--- DATA RECORDS Enclosed Below ---
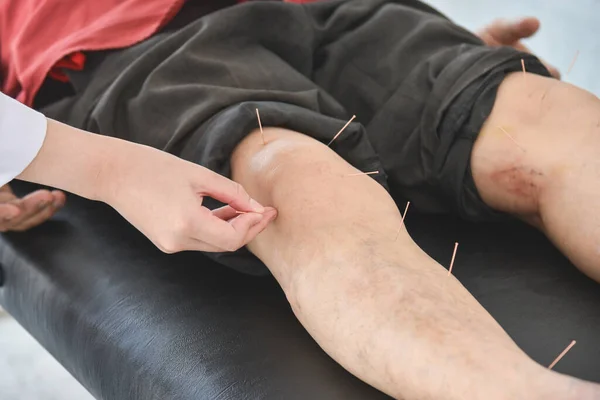 Egy Férfi Kap Akupunktúra Térd Lábak Enyhítésére Fájdalom Alternatív Gyógyászat — Stock Fotó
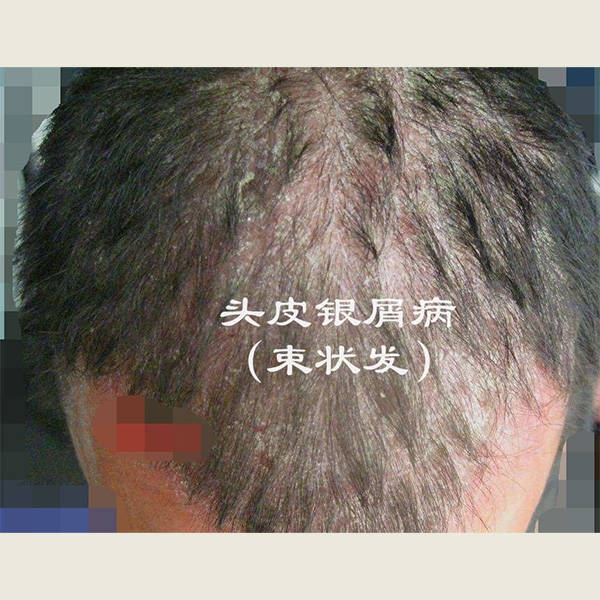 它们产生的原因通常涉及以下几点:皮脂分泌不均衡:头皮上的油脂分泌过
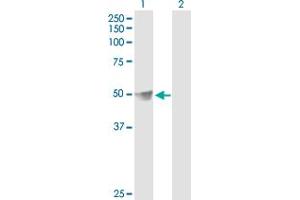 Western Blot analysis of DLST expression in transfected 293T cell line by DLST MaxPab polyclonal antibody. (DLST 抗体  (AA 1-453))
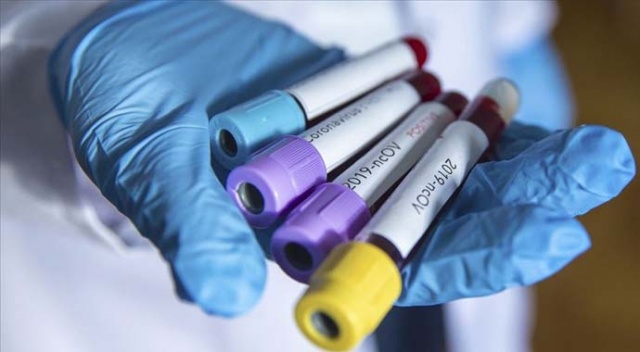Dünya Sağlık Örgütü: Her şüpheli Kovid-19 vakası için test yapılmalı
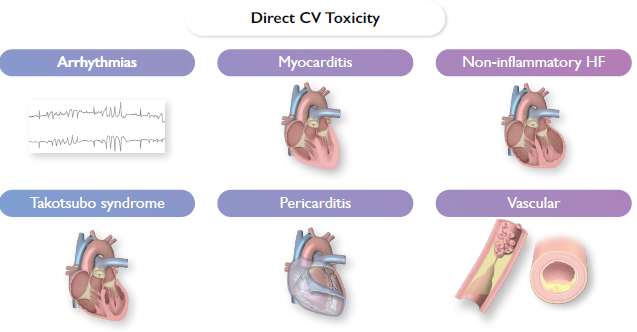 cardioteca's tweet photo. 🚨🆕🔝 4 nuevas Guías ESC 2022! #ESCCongress

🧬 Cardio-oncología
https://t.co/CSSpjpUxNn

💔 Arritmias ventriculares y muerte súbita cardiaca
https://t.co/L6EjeZNeeE

🌬️ Hipertensión pulmonar
https://t.co/JXH7TK7ukT

🛏️ Manejo CV Cirugía no cardiaca
https://t.co/wRRBOQn0So https://t.co/ohRTC8Td6M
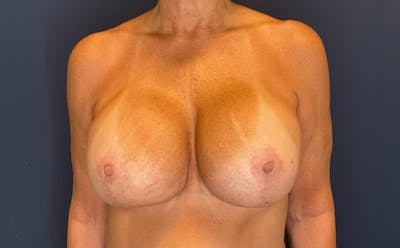 Breast Revision by Dr. Booth Before & After Gallery - Patient 306678 - Image 2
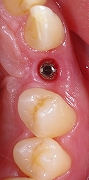 右上犬歯をインプラント２.jpg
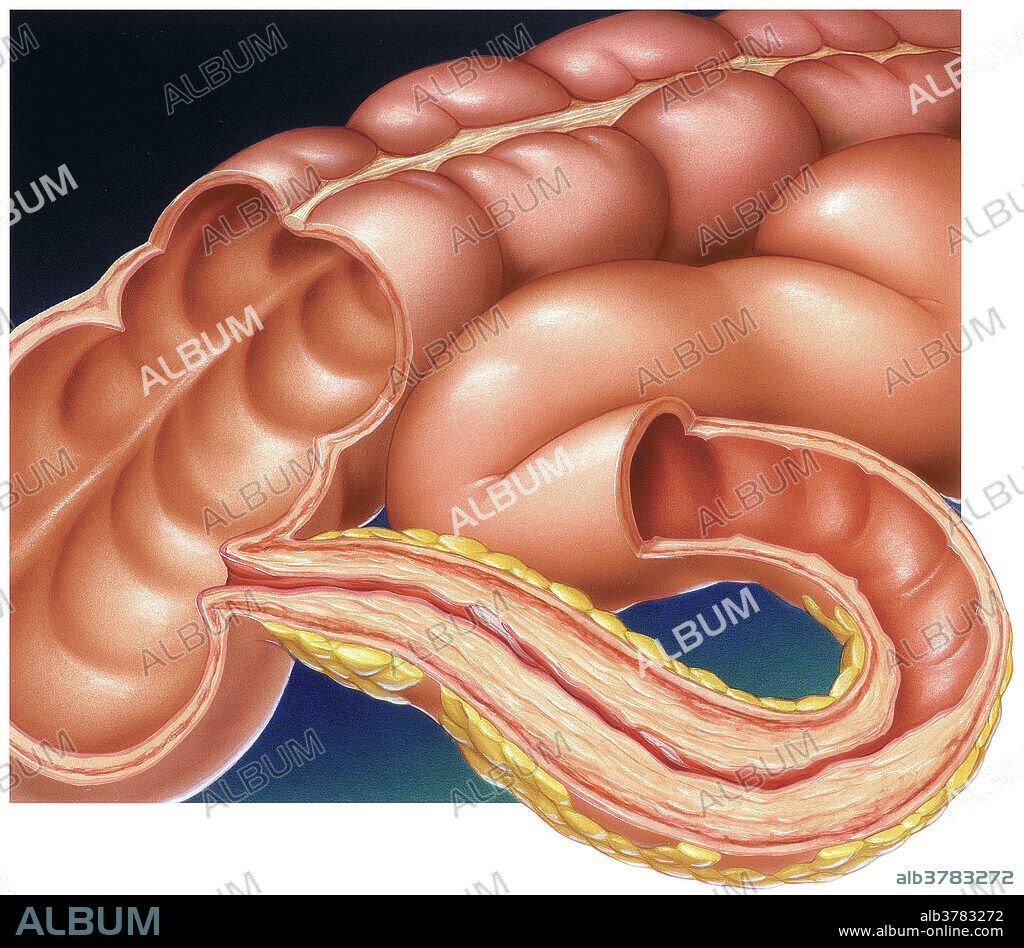 Crohns disease, inflammation of the ileum, the terminal portion of the small intestine, and characterized by abdominal pain and deep ulceration.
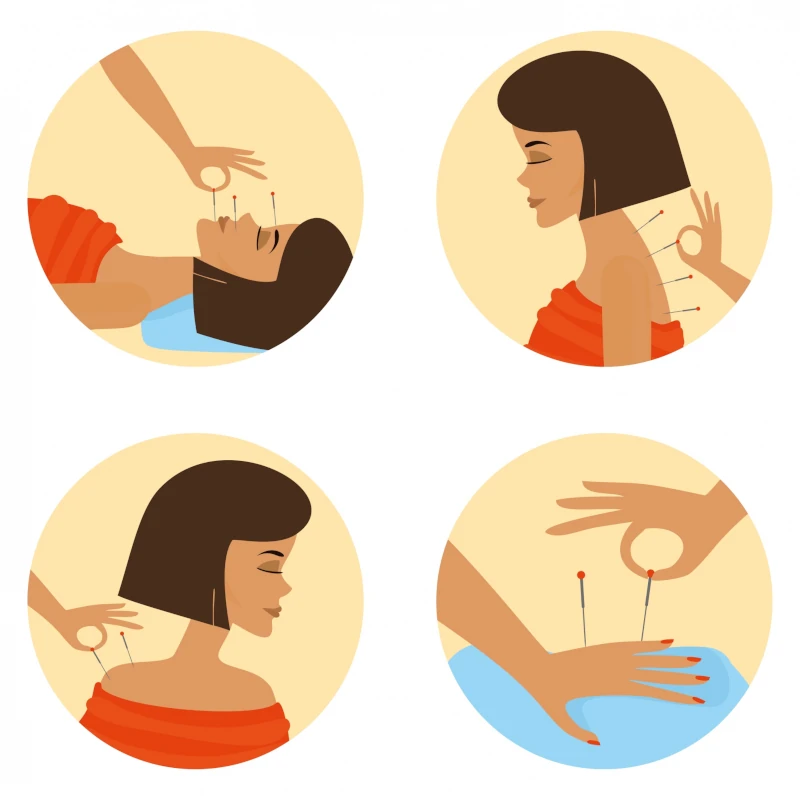 طب سوزنی در درمان دیسک گردن بدون جراحی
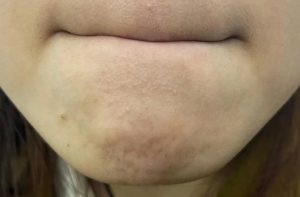 Soi ba nhon thuong xuat hien o vung cam noi tuyen ba nhon hoat dong manh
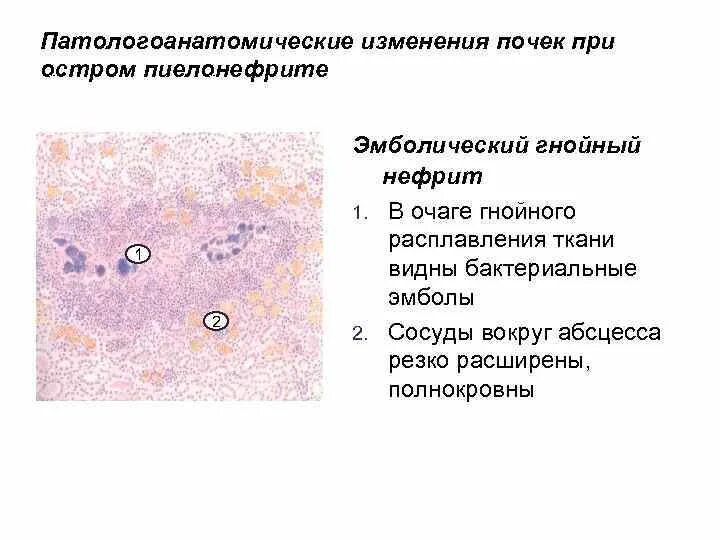 Абсцесс почки макропрепарат. Бактериальная эмболия почки микропрепарат описание. Абсцесс почки описание микропрепарата. Восходящий Гнойный нефрит микропрепарат.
--- End of Enclosed DATA RECORDS ---
WHAT TO WORK ON: Return only the lines running from the start of the entries above to the line that contains "Soi ba nhon", inclusive, and omit every picture.

SOLUTION TO THIS TASK:
 Egy Férfi Kap Akupunktúra Térd Lábak Enyhítésére Fájdalom Alternatív Gyógyászat — Stock Fotó
 它们产生的原因通常涉及以下几点:皮脂分泌不均衡:头皮上的油脂分泌过
 Western Blot analysis of DLST expression in transfected 293T cell line by DLST MaxPab polyclonal antibody. (DLST 抗体  (AA 1-453))
Dünya Sağlık Örgütü: Her şüpheli Kovid-19 vakası için test yapılmalı
 cardioteca's tweet photo. 🚨🆕🔝 4 nuevas Guías ESC 2022! #ESCCongress

🧬 Cardio-oncología
https://t.co/CSSpjpUxNn

💔 Arritmias ventriculares y muerte súbita cardiaca
https://t.co/L6EjeZNeeE

🌬️ Hipertensión pulmonar
https://t.co/JXH7TK7ukT

🛏️ Manejo CV Cirugía no cardiaca
https://t.co/wRRBOQn0So https://t.co/ohRTC8Td6M
 Breast Revision by Dr. Booth Before & After Gallery - Patient 306678 - Image 2
 右上犬歯をインプラント２.jpg
 Crohns disease, inflammation of the ileum, the terminal portion of the small intestine, and characterized by abdominal pain and deep ulceration.
 طب سوزنی در درمان دیسک گردن بدون جراحی
 Soi ba nhon thuong xuat hien o vung cam noi tuyen ba nhon hoat dong manh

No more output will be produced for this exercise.